Igor

By Igor

October word challenge; movement. On the rivet

A rider who is moving at maximum speed is said to be, in the parlance, ‘on the rivet’. More noticeable in a time trial than a road race, the rider will perch on the front of the saddle - this brings different muscles into play - and in the old days when saddles were made of leather, the covering was attached to the saddle frame with a rivet. A big one. Right where he would be sitting.

I have a new saddle for my bike. It’s made of leather. And it has rivets; fancy ones.

I’ve gone old skool, retro …. metro-man. I have a steel-framed bike, I have a beard, all that’s missing are the tweed trousers. I draw the line at tweed trousers.

Leather saddles are hard; but then old skool bike riders are hard. It’ll take about 500 miles to break it in - perhaps a bit optimistic in my case - and then it’ll be lovely and soft.

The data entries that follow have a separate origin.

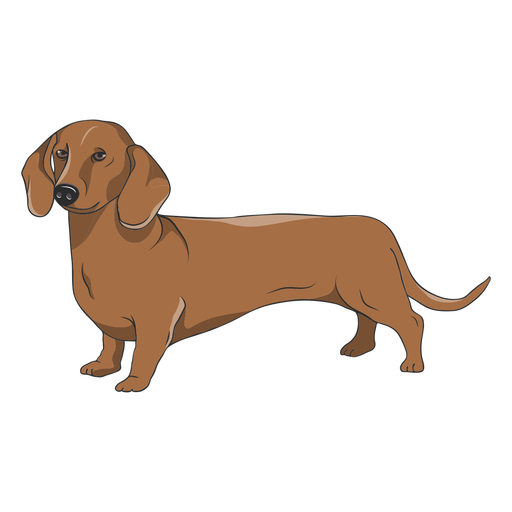 Side dachshund dog illustration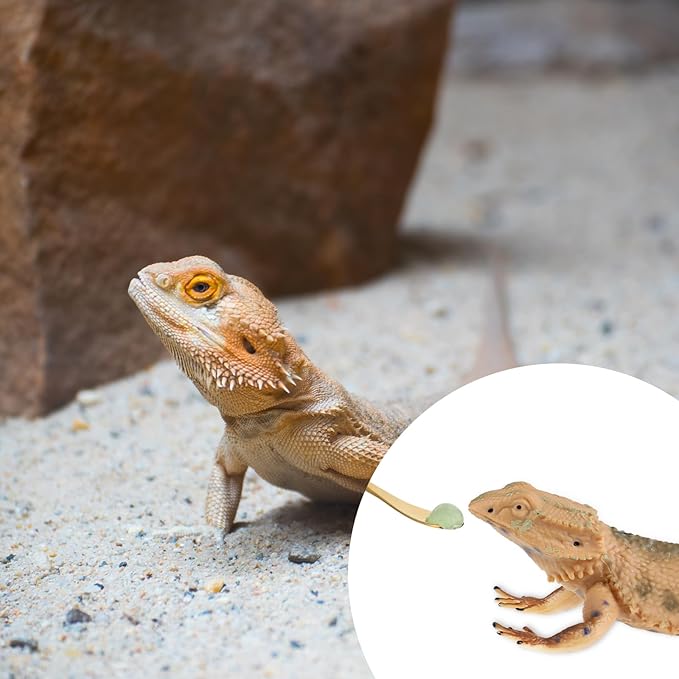 2Pcs Crested Gecko Food Spoons, 8.9" Long Handle Gecko Feeding Spoon, Stainless Steel Powder Fruit Mixing Stirring Food Feeding Spoons for Gargoyle Bearded Dragon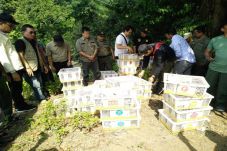 Ribuan Burung Gelatik...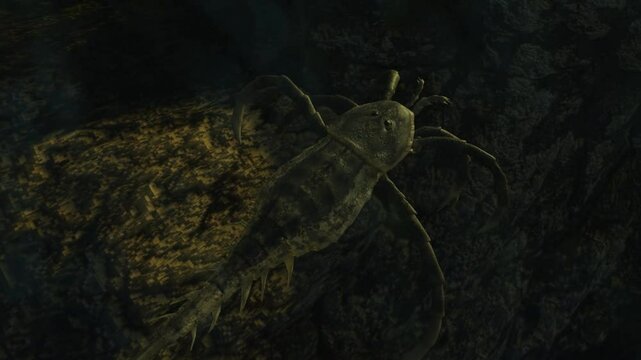 Animation of the extinct Eurypterid Hallipterus excelsior. Hallipterus lived 383 to 376 million years ago. They are often referred to as "Sea Scorpions".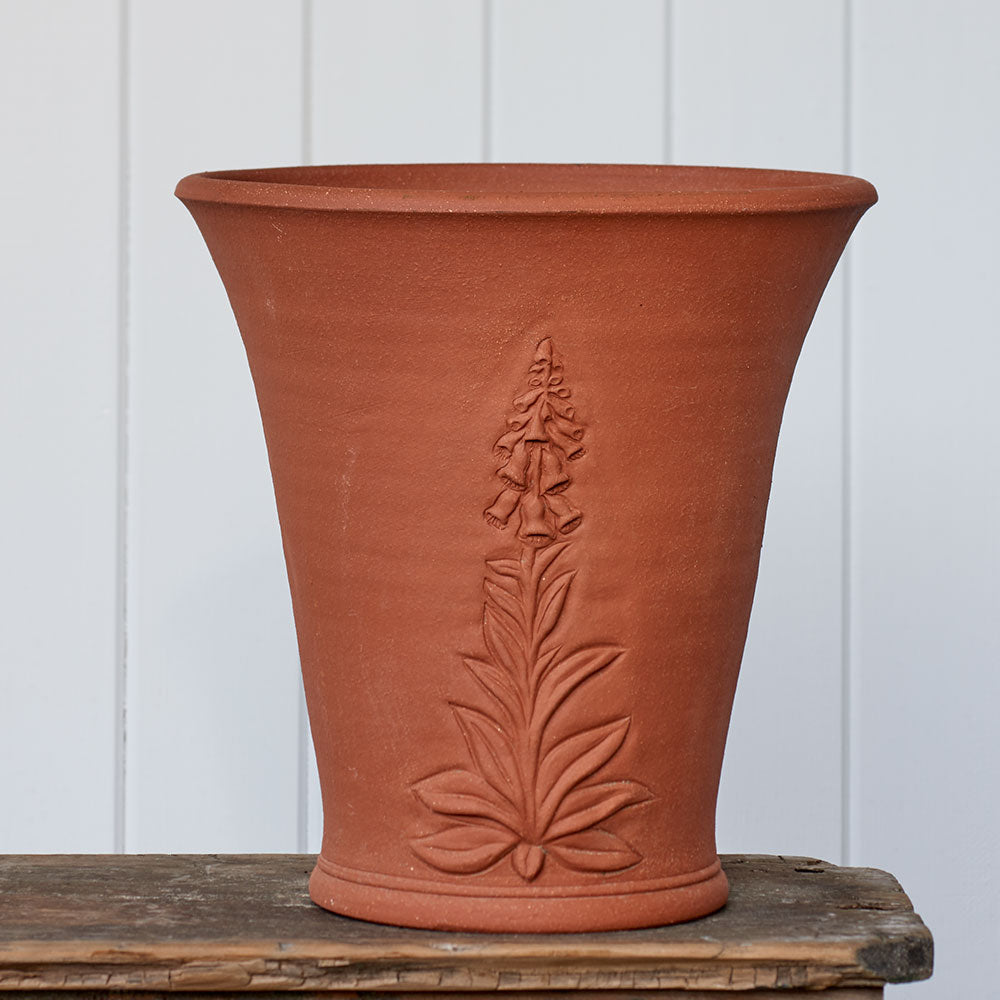 RHS Foxglove Flowerpot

Modern synthetic saddles are usually filled with a foam or gel stuck to a hard plastic shell. Great on day 1. And probably day 2. But over time the foamy stuff disintegrates and then you find yourself bouncing along on a hard plastic shell; not nice.

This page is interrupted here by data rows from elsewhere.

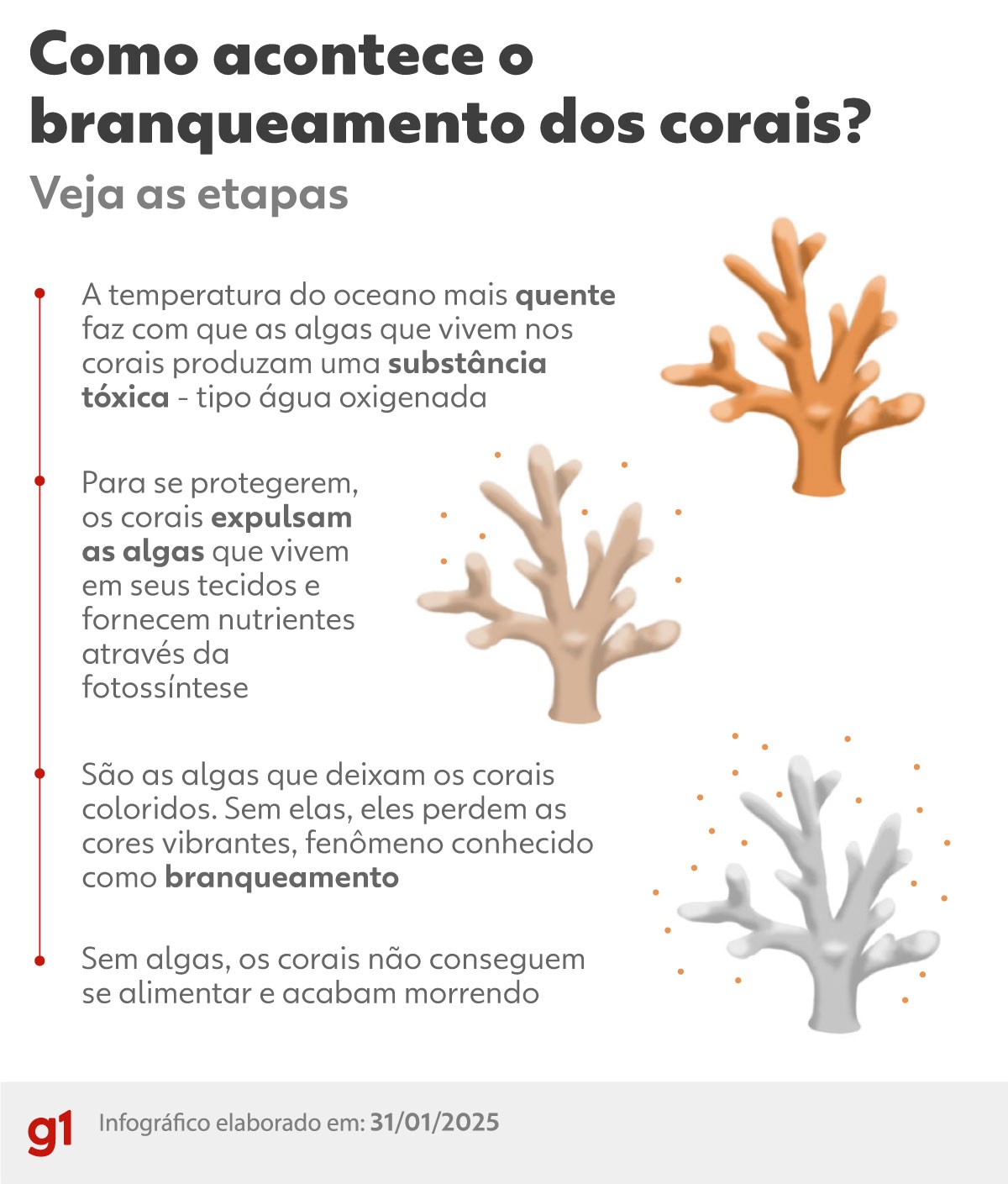 Você Não Tá Convidada pro Meu Bat Mitzvá!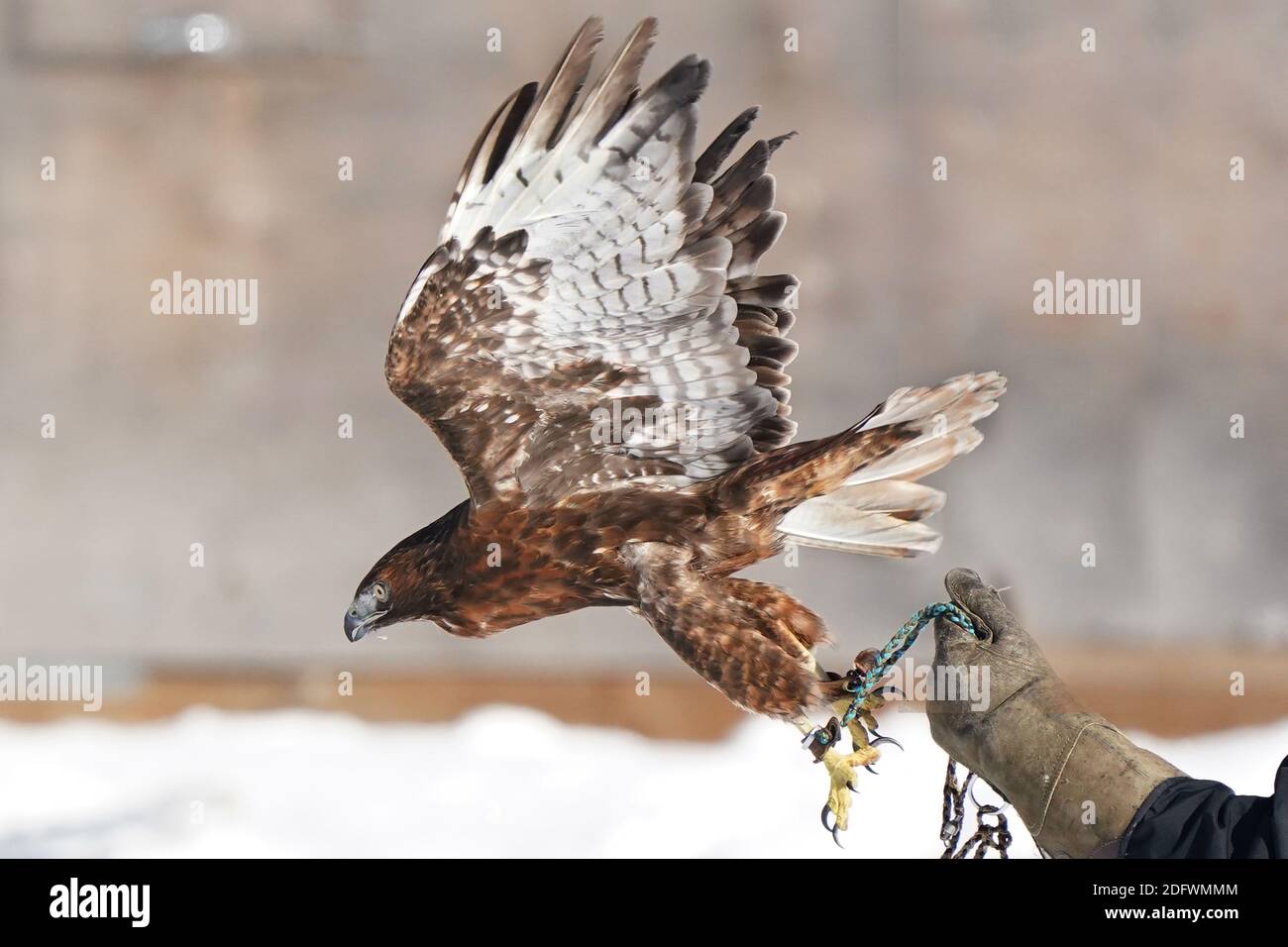 Red Tailed hawk Foto Stock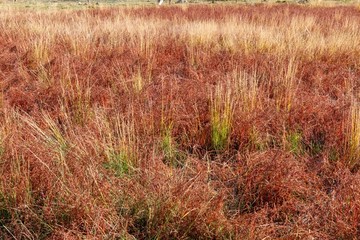 稻城桑堆红草滩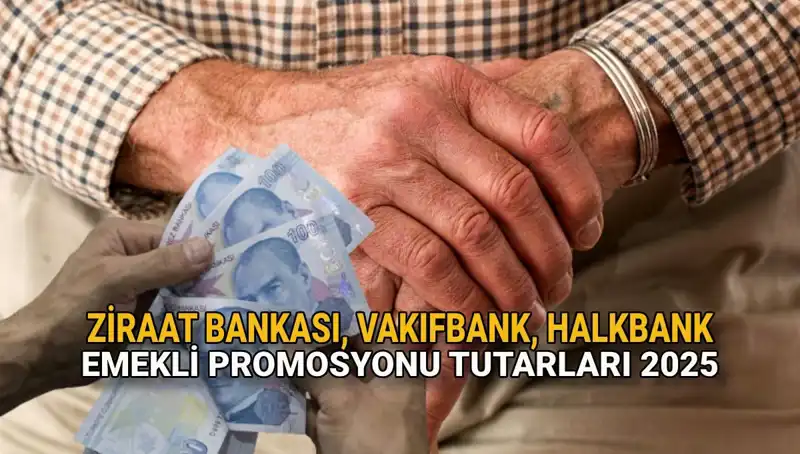 Emekli Maaşı Promosyonları 2025: Kamu Bankaları Ne Sunuyor?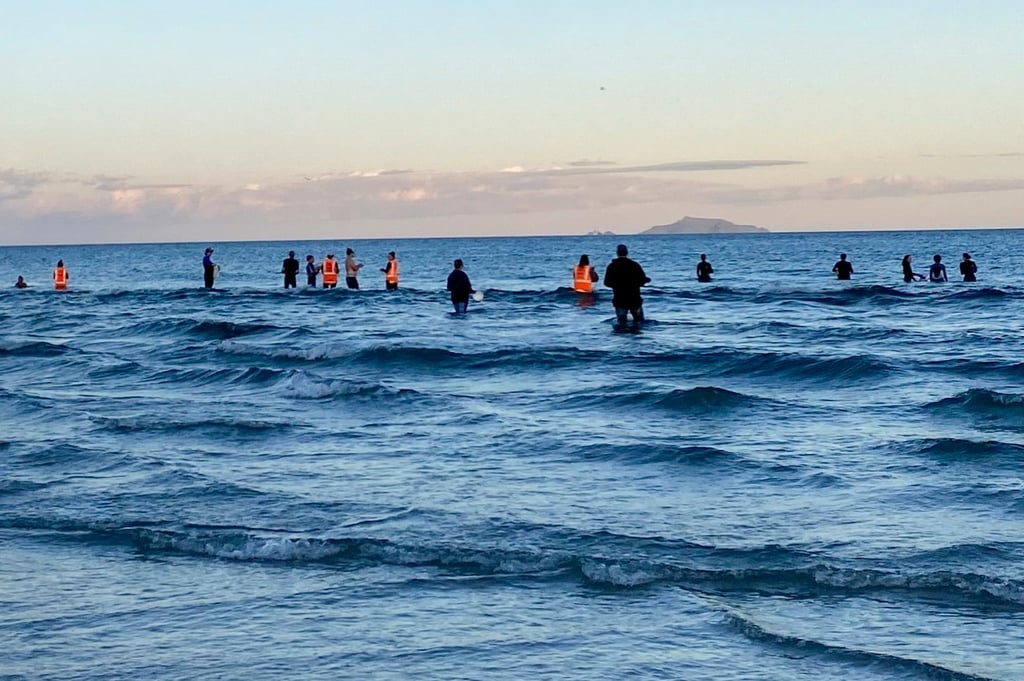 Spokesman, said, “This response demonstrates the deep connection we all share with our marine environment.” Photo: New Zealand Department Of Conservation/AP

If you think I exaggerate my claim that old skool bike riders are hard - that perhaps I am laying it on with a trowel - then consider Louison Bobet, first man to win the Tour de France three times in succession; 1953 - 55. In one particular race he had an extremely nasty saddle sore - so bad that it needed surgery. And so bad that he could not actually sit on his bike. So he rode the 40-odd mile race standing up - and won. I rest my case. And my seat.